* **COLLECTED DATA**:
┄┄┄┄┄┄┄┄┄┄┄┄┄┄┄┄┄┄┄┄
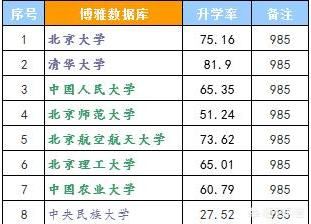 北京地区的大学排名是怎样的呢？你怎么看？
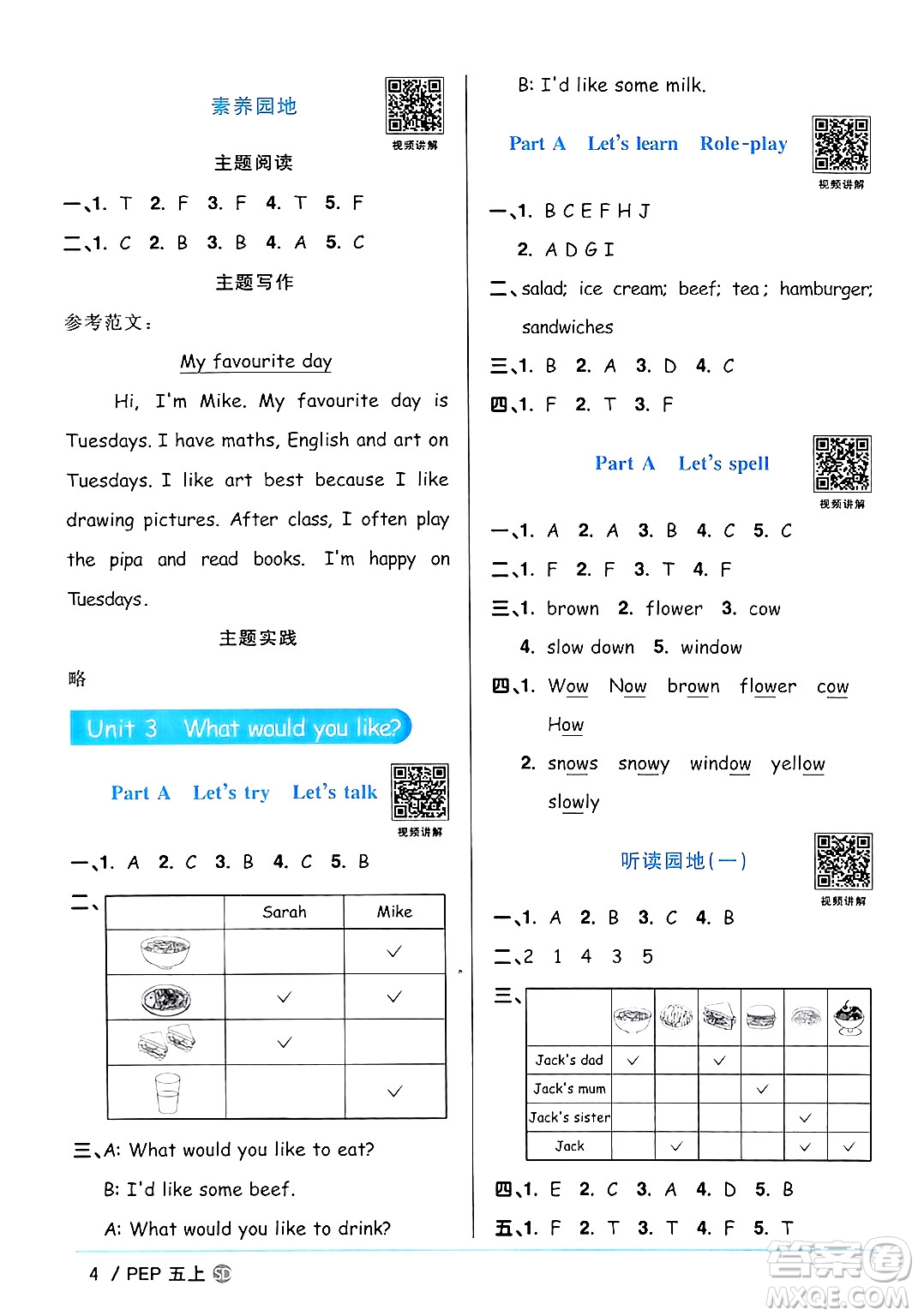 甘肅少年兒童出版社2024年秋陽光同學課時優(yōu)化作業(yè)五年級英語上冊人教PEP版山東專版答案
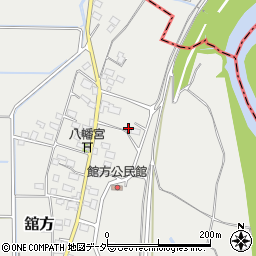 茨城県常総市舘方59周辺の地図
┄┄┄┄┄┄┄┄┄┄┄┄┄┄┄┄┄┄┄┄
* **TASK DIRECTIONS**: Going from the line that holds "甘肅少年兒童出版社2024年" to the end of the listing above, copy each line exactly and nothing more, leaving pictures aside.

* **TASK RESPONSE**:
 甘肅少年兒童出版社2024年秋陽光同學課時優(yōu)化作業(yè)五年級英語上冊人教PEP版山東專版答案
 茨城県常総市舘方59周辺の地図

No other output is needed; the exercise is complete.